En général, les sources se recoupent très bien sur les événements de l’avant bataille : les points principaux de la campagne d’Henri V jusqu’à Azincourt ne sont pas sujets à controverse car pas de nature à exciter les points de vue partisans. Les principaux sujets de discorde se trouvent dans les effectifs des armées, un sujet traité plus haut, sur lequel nous ne reviendrons pas, et sur les commentaires portés sur le comportement des Français ; en effet, selon que le chroniqueur est pro-Armagnac ou pro-Bourguignon, il sera prompt à dénigrer les autres et à enjoliver son camp, il faudra donc être attentif au discours des chroniqueurs sur la réaction des Français à l’expédition d’Henri V. Par exemple, Cagny critique le comportement du duc de Bretagne qui a mis du temps à se mettre en marche contre Henri V et qui ne voulait pas se battre sans le duc de Bourgogne à ses côtés[6] ; ou encore le Bourgeois accuse les Armagnacs de lenteur pour contrer les Anglais à Harfleur, alors que l’historienne Beaune nous explique que c’est dû au temps pour lever l’armée et non à une mauvaise volonté des Armagnacs, elle ajoute que le Bourgeois ne fustige nullement les Bourguignons alors que ceux-ci sont plus critiquables sur ce point[7].

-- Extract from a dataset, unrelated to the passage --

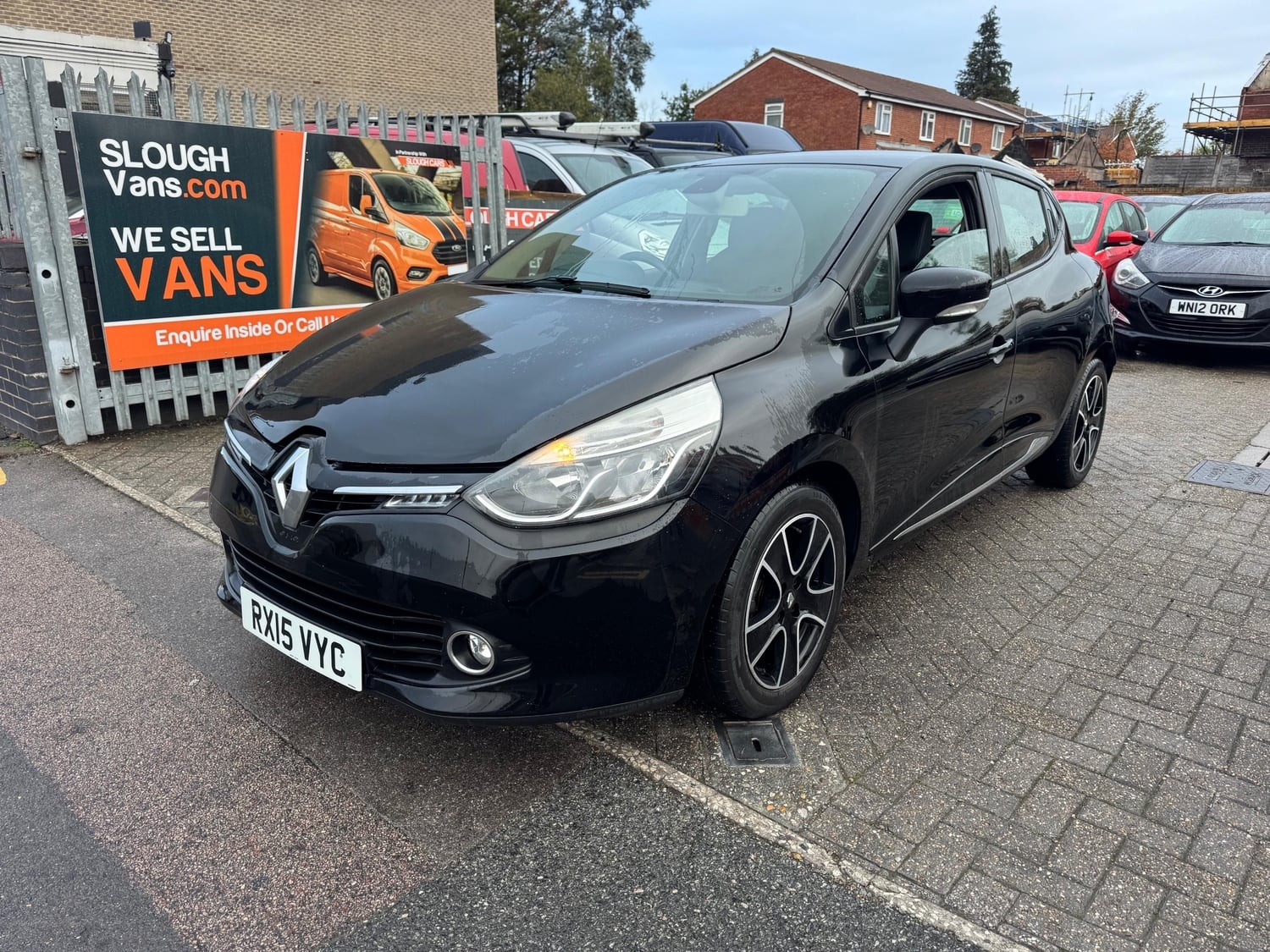 Renault Clio Slough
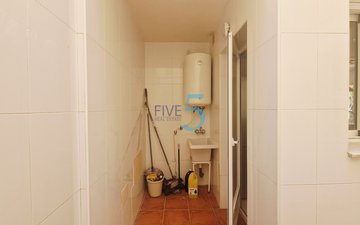 Property slide 16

Henri V prend Harfleur après un mois de siège à l’aide de cinq ou six grosses bombardes et autres engins d’artillerie selon Cagny; Juvénal des Ursins parle de « grosse artillerie, bombardes et canons »[8]. La littérature secondaire atteste également la présence de canons[9]. Cagny nous explique qu’après sa victoire, qui lui a pris plus de temps qu’il ne pensait, Henri V décide de remonter sur Calais afin de rentrer en Angleterre[10], les autres chroniques s’accordent sur cette retraite du roi d’Angleterre. L’historien Keegan nous explique que « pour l’honneur, il lui fallait au moins avant de quitter le pays traverser, avec précautions, certaines des terres qu’il réclamait. »[11] Des nobles français dont le duc de Bretagne, celui d’Orléans et celui de Guyenne se mettent en marche, avec leurs hommes, et se rassemblent pour contrer le roi d’Angleterre, selon Gruel[12]; si ce dernier cite surtout les gens de son camp, les Armagnacs, il s’agit aussi d’un fait que les Bourguignons ont été réticents à entrer en guerre contre les Anglais[13].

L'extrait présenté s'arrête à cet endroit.